I have logged in the user. I have retrieved his favourite videos. But when I try to upload videos I get an error
Fatal error File to be uploaded at does not exist or is not readable.
This is the code I use to upload video
$myVideoEntry = new Zend_Gdata_YouTube_VideoEntry();
$file = '/files/trainingvideo1.mp4';
$file = realpath($file);
$filesource = $yt->newMediaFileSource($file);
$filesource->setContentType('video/mp4');
$filesource->setSlug($file);
$myVideoEntry->setMediaSource($filesource);
$myVideoEntry->setVideoTitle('Tutorial 1');
$myVideoEntry->setVideoDescription('Tutorial 1');
$myVideoEntry->setVideoCategory('Entertainment');
$myVideoEntry->SetVideoTags('testme');
$myVideoEntry->setVideoDeveloperTags(array('tester', 'test'));
$uploadUrl = 'http://uploads.gdata.youtube.com/feeds/api/users/default/uploads';
$newEntry = $yt->insertEntry($myVideoEntry, $uploadUrl, 'Zend_Gdata_YouTube_VideoEntry');
I appreciate any help.
Edit: With the information that your realpath() is returning false, we can assume that you're probably configuring zend gdata correctly and just passing in a bad file.
Here is the PHP documentation on realpath(): http://php.net/manual/en/function.realpath.php
The part that matters is:
realpath() returns FALSE on failure, e.g. if the file does not exist.
Note:
The running script must have executable permissions on all directories in the hierarchy, otherwise realpath() will return FALSE.
So at this point I would go ahead and:
Check that the file exists and your URL is correct- perhaps try using an absolute URL at first to test and build up to a relative one progressively
Check permissions on the file, make sure it is executable by all (755 unix permissions, I think)
Good Luck!
Zend Gdata Youtube Doc:
Uploading videos can be done in one of two ways: either by uploading the video directly or by sending just the video meta-data and having a user upload the video through an HTML form.
In order to upload a video directly, you must first construct a new » Zend_Gdata_YouTube_VideoEntry object and specify some required meta-data.
The code below creates a blank » Zend_Gdata_YouTube_VideoEntry to be uploaded. A » Zend_Gdata_App_MediaFileSource object is then used to hold the actual video file. Under the hood, the » Zend_Gdata_YouTube_Extension_MediaGroup object is used to hold all of the video's meta-data.
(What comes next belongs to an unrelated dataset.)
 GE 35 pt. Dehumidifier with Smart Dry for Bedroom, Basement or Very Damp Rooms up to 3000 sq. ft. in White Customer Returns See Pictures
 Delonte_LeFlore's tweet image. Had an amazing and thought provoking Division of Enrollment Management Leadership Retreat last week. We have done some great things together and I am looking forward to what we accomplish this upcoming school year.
The $uploadUrl is the location where the new entry gets posted to. This can be specified either with the $userName of the currently authenticated user, or, alternatively, you can simply use the string 'default' to refer to the currently authenticated user.
$yt = new Zend_Gdata_YouTube($httpClient);
$myVideoEntry = new Zend_Gdata_YouTube_VideoEntry();
$filesource = $yt->newMediaFileSource('mytestmovie.mov');
$filesource->setContentType('video/quicktime');
$filesource->setSlug('mytestmovie.mov');
$myVideoEntry->setMediaSource($filesource);
$myVideoEntry->setVideoTitle('My Test Movie');
$myVideoEntry->setVideoDescription('My Test Movie');
// Note that category must be a valid YouTube category !
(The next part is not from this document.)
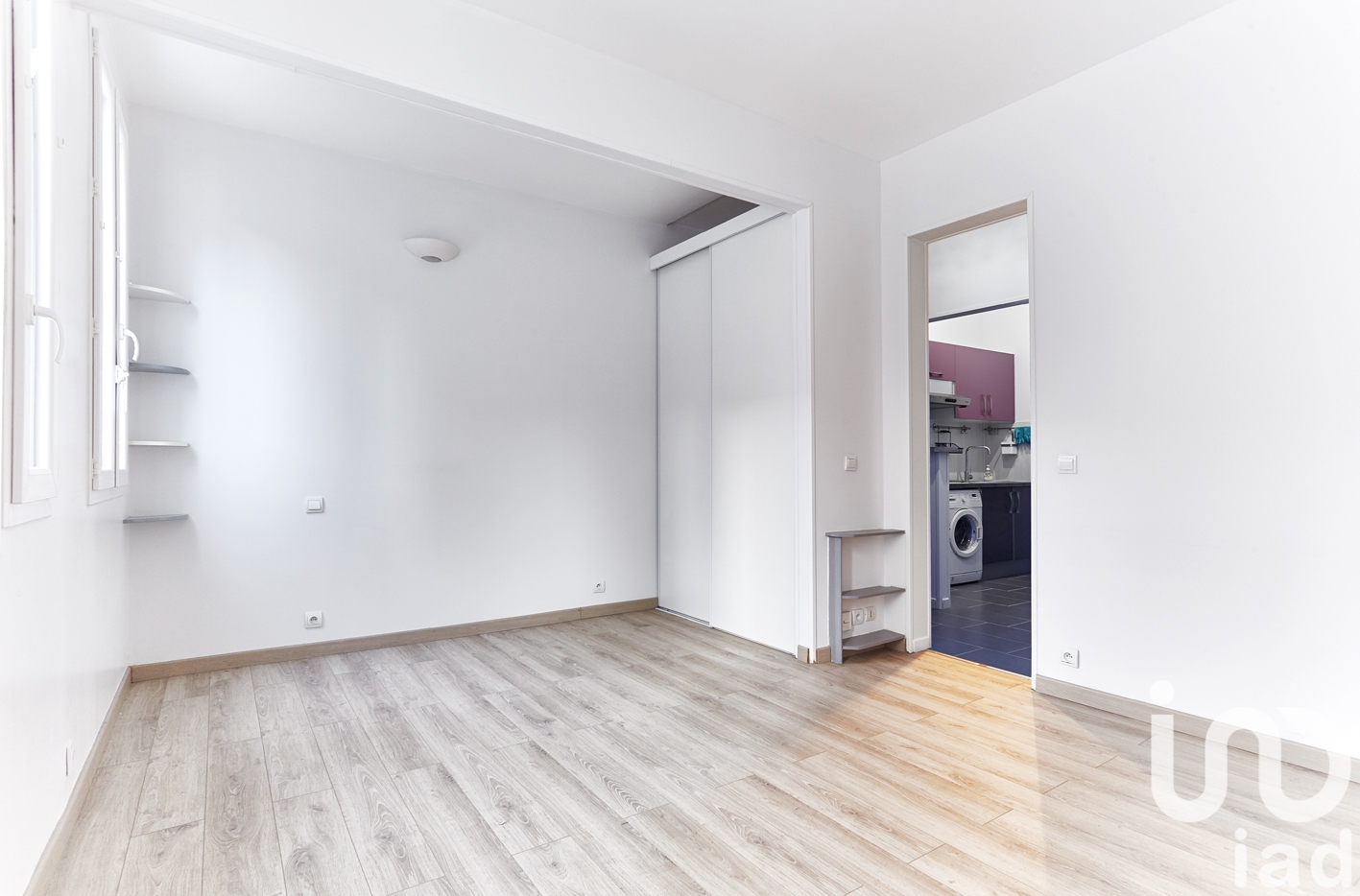 Bright 29 sqm Studio with Cellar for Rent Furnished Clichy 92110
$myVideoEntry->setVideoCategory('Comedy');
// Set keywords, note that this must be a comma separated string
// and that each keyword cannot contain whitespace
$myVideoEntry->SetVideoTags('cars, funny');
// Optionally set some developer tags
$myVideoEntry->setVideoDeveloperTags(array('mydevelopertag',
'anotherdevelopertag'));
// Optionally set the video's location
$yt->registerPackage('Zend_Gdata_Geo');
$yt->registerPackage('Zend_Gdata_Geo_Extension');
$where = $yt->newGeoRssWhere();
$position = $yt->newGmlPos('37.0 -122.0');
$where->point = $yt->newGmlPoint($position);
$myVideoEntry->setWhere($where);
// Upload URI for the currently authenticated user
$uploadUrl =
'http://uploads.gdata.youtube.com/feeds/users/default/uploads';
// Try to upload the video, catching a Zend_Gdata_App_HttpException
// if available or just a regular Zend_Gdata_App_Exception
try {
$newEntry = $yt->insertEntry($myVideoEntry,
$uploadUrl,
'Zend_Gdata_YouTube_VideoEntry');
} catch (Zend_Gdata_App_HttpException $httpException) {
echo $httpException->getRawResponseBody();
} catch (Zend_Gdata_App_Exception $e) {
echo $e->getMessage();
}
To upload a video as private, simply use: $myVideoEntry->setVideoPrivate(); prior to performing the upload. $videoEntry->isVideoPrivate() can be used to check whether a video entry is private or not.
Source: http://framework.zend.com/manual/en/zend.gdata.youtube.html
Related
I have some encrypted responses that I convert to a Zip file in my Laravel application. The function below downloads the API response, saves it as a Zip file, and then extracts it while I read the folder's contents. In my local environment, it works well. However, the Zip file is not getting saved to the storage folder on the live server. No error is being shown, only an empty JSON response. Please, what could be the cause?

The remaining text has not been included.